─── RECORDED INFORMATION
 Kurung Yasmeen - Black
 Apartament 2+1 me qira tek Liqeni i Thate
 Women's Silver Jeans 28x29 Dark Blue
──────
**PROBLEM:** Word for word, set down all of the material.

**EXERCISE OUTPUT:**
 Kurung Yasmeen - Black
 Apartament 2+1 me qira tek Liqeni i Thate
 Women's Silver Jeans 28x29 Dark Blue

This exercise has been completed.